REQUIRED WORK:
What follows is a block of records; restate each one word for word.

(Data excerpts)
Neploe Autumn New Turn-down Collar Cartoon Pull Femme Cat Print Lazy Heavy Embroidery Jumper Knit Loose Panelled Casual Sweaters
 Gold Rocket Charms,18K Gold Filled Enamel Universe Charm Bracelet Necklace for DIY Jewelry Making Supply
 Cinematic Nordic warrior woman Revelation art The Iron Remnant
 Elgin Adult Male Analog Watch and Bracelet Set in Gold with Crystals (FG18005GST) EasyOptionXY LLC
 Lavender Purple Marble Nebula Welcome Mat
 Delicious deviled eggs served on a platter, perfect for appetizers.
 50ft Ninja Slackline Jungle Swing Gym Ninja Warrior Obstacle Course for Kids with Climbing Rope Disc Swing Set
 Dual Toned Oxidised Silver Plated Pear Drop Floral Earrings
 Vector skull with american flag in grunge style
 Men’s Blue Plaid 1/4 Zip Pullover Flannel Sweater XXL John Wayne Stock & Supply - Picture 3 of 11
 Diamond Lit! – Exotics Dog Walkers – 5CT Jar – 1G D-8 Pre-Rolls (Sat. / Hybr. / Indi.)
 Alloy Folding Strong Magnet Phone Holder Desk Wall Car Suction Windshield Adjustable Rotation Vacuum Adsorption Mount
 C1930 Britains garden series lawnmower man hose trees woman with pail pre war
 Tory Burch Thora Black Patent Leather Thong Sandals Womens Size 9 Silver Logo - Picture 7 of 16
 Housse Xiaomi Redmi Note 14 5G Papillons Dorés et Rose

ANSWER BOX:
Neploe Autumn New Turn-down Collar Cartoon Pull Femme Cat Print Lazy Heavy Embroidery Jumper Knit Loose Panelled Casual Sweaters
 Gold Rocket Charms,18K Gold Filled Enamel Universe Charm Bracelet Necklace for DIY Jewelry Making Supply
 Cinematic Nordic warrior woman Revelation art The Iron Remnant
 Elgin Adult Male Analog Watch and Bracelet Set in Gold with Crystals (FG18005GST) EasyOptionXY LLC
 Lavender Purple Marble Nebula Welcome Mat
 Delicious deviled eggs served on a platter, perfect for appetizers.
 50ft Ninja Slackline Jungle Swing Gym Ninja Warrior Obstacle Course for Kids with Climbing Rope Disc Swing Set
 Dual Toned Oxidised Silver Plated Pear Drop Floral Earrings
 Vector skull with american flag in grunge style
 Men’s Blue Plaid 1/4 Zip Pullover Flannel Sweater XXL John Wayne Stock & Supply - Picture 3 of 11
 Diamond Lit! – Exotics Dog Walkers – 5CT Jar – 1G D-8 Pre-Rolls (Sat. / Hybr. / Indi.)
 Alloy Folding Strong Magnet Phone Holder Desk Wall Car Suction Windshield Adjustable Rotation Vacuum Adsorption Mount
 C1930 Britains garden series lawnmower man hose trees woman with pail pre war
 Tory Burch Thora Black Patent Leather Thong Sandals Womens Size 9 Silver Logo - Picture 7 of 16
 Housse Xiaomi Redmi Note 14 5G Papillons Dorés et Rose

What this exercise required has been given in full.